The Taliban and Organized Crime

Autores

  • Gretchen Peters Gretchen Peters covered Pakistan and Afghanistan for more than a decade, first for The Associated Press and later as a reporter for ABC News. A Harvard graduate, Peters was nominated for an Emmy for her coverage of the 2007 assassination of Benazir Bhutto, and won the SAJA Journalism Award for a Nightline segment on the former Pakistani President Pervez Musharraf. She spent five years traveling the border areas between Pakistan and Afghanistan to research and write “Seeds of Terror: How Drugs, Thugs and Crime are Reshaping the Afghan War”, published by Picador in April 2010.

Resumo

Organized crime has played an important destabilizing role in post ‑2001 Afghanistan.

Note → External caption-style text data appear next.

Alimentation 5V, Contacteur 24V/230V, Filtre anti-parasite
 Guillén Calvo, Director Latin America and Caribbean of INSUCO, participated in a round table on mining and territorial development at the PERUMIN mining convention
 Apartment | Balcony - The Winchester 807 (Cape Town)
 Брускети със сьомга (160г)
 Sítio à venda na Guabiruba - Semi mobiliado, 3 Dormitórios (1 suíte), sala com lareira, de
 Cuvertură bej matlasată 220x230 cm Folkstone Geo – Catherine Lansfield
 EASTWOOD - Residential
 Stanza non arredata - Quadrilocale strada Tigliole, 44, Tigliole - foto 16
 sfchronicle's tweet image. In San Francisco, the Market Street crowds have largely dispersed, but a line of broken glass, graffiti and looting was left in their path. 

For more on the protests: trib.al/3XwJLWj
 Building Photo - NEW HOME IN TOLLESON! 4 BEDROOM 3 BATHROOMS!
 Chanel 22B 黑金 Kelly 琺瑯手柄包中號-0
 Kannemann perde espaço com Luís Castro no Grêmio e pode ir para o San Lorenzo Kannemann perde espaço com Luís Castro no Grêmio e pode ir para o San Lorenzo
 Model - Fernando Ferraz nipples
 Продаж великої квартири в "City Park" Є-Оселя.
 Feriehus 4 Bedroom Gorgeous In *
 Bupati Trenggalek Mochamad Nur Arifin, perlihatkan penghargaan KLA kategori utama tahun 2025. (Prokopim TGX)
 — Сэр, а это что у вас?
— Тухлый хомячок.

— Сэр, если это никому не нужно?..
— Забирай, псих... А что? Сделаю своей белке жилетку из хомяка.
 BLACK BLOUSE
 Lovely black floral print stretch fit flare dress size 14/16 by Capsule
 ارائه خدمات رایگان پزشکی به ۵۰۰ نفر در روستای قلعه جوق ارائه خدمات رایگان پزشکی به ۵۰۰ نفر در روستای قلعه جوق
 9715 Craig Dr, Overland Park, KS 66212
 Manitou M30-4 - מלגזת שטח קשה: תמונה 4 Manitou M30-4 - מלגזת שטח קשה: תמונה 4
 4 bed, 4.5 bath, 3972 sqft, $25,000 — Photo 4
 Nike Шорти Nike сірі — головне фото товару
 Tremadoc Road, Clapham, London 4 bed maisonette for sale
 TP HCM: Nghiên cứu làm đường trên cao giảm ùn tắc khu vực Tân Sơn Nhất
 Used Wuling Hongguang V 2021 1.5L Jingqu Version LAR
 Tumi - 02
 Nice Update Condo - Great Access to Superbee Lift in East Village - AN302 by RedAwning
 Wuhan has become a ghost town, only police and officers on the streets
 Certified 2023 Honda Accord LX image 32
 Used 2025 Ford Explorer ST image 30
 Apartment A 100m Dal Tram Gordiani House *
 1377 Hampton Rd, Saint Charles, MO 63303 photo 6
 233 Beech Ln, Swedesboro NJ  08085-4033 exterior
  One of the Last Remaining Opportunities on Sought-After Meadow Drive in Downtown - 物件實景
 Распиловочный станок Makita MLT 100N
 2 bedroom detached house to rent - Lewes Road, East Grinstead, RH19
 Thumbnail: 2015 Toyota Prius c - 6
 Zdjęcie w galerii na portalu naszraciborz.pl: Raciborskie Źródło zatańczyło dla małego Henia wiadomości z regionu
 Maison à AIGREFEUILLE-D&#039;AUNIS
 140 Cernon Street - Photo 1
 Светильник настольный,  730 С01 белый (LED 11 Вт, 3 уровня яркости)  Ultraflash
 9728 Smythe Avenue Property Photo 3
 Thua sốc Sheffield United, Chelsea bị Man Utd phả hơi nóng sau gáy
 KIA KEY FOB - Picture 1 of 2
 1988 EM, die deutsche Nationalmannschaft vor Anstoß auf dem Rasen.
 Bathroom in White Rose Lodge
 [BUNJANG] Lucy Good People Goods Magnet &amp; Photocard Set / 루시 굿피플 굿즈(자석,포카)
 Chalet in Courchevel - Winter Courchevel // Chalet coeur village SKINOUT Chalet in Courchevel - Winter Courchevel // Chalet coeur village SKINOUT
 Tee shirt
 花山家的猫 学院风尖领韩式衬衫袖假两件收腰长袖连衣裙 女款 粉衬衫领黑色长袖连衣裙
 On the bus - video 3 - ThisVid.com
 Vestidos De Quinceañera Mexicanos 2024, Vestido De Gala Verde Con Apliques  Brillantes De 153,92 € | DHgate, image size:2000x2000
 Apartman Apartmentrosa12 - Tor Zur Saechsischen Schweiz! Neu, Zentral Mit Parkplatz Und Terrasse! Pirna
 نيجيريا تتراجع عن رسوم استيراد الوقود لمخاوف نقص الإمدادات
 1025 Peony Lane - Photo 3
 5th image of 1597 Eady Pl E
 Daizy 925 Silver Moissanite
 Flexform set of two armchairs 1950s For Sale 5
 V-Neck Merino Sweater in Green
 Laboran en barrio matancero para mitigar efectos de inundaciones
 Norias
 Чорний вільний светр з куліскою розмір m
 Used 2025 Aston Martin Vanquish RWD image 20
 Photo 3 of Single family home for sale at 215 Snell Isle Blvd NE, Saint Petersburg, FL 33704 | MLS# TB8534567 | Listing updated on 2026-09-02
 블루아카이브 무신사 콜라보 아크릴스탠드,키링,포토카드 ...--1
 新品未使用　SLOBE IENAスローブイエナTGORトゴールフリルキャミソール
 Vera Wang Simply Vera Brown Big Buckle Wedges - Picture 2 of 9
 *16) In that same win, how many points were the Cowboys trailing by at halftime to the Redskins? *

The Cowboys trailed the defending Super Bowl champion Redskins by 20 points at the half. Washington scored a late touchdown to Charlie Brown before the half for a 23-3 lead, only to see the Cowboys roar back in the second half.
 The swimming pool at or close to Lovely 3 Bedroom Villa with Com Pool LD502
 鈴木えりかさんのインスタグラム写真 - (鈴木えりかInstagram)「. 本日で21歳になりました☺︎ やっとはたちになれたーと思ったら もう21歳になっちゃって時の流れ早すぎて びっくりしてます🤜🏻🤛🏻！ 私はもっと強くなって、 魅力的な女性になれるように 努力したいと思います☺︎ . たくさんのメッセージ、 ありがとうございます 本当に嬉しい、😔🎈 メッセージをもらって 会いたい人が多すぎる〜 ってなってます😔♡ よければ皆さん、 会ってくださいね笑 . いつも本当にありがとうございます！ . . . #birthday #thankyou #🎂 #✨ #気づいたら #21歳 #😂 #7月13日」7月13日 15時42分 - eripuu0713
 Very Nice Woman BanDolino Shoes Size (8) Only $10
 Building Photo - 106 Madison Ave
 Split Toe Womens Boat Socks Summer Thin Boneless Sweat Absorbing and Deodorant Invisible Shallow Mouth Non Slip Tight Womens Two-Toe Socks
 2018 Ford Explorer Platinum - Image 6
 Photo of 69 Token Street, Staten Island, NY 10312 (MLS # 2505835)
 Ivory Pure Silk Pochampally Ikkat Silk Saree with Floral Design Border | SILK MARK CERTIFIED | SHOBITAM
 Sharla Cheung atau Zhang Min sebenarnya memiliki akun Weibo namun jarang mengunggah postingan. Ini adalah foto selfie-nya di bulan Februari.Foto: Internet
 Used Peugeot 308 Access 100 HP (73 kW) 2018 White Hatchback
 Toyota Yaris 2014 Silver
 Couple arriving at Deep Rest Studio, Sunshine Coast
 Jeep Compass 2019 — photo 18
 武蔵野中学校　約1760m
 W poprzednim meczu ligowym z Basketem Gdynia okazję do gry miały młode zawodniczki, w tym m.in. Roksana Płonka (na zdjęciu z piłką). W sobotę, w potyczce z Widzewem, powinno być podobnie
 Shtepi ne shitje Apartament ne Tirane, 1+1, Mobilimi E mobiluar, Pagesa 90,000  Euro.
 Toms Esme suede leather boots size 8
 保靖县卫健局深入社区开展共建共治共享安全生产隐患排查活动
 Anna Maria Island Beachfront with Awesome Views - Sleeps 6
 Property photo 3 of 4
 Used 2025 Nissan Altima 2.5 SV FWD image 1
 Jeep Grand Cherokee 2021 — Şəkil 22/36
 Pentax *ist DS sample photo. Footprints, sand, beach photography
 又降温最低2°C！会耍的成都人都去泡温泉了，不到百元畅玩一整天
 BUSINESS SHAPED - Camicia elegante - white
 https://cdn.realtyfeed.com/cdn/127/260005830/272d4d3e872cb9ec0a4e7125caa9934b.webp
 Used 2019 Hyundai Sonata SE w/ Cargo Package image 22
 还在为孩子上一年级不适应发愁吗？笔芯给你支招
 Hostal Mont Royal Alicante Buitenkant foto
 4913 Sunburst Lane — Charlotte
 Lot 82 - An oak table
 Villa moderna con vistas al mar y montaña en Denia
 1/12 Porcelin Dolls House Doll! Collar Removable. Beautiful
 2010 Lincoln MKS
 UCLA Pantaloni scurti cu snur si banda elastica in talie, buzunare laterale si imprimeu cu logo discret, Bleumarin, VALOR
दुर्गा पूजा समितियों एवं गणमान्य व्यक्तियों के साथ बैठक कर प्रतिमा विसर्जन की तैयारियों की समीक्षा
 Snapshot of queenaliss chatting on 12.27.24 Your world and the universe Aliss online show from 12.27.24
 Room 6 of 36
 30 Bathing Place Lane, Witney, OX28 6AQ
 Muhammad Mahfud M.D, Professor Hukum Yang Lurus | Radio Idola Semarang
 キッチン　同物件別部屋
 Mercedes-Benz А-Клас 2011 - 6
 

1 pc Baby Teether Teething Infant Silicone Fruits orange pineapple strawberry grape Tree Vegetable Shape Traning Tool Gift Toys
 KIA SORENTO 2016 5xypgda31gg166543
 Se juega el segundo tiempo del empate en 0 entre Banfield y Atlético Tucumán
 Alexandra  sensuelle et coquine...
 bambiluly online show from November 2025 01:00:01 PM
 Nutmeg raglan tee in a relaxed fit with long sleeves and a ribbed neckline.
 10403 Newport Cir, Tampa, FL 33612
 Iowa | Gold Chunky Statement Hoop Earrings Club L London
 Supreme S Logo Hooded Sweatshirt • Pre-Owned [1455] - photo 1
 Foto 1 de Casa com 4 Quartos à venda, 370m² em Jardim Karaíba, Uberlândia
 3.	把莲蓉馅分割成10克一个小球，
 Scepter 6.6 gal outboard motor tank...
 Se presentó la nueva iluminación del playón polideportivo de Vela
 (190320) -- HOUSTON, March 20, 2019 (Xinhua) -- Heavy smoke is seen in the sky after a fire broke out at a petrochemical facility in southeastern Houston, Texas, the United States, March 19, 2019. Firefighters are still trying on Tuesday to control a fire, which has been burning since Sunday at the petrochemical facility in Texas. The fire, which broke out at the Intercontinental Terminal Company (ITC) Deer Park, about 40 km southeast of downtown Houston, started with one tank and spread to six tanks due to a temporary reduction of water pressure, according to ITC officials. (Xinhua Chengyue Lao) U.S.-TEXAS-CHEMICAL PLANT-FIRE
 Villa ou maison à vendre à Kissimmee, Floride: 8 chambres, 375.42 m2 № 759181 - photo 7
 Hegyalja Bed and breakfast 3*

This article will mainly focus on how the Afghan Taliban, commonly referred to as the Quetta Shura Taliban (QST), engage in criminal activity in the south and southwest, track how their involvement in crime is deepening and look at how the group interacts with autonomous smuggling organizations. More recently we saw an eruption of rivalries over criminal profits which appear to have created deep structural weaknesses within and between insurgent and terror groups in the conflict zone. Exploiting those rivalries and breeding distrust could serve to degrade levels of militant cooperation and disrupt funds reaching militant coffers. This strategy is risky, however, to the extent that it could spark internecine violence and contribute to an increase in civilian casualties.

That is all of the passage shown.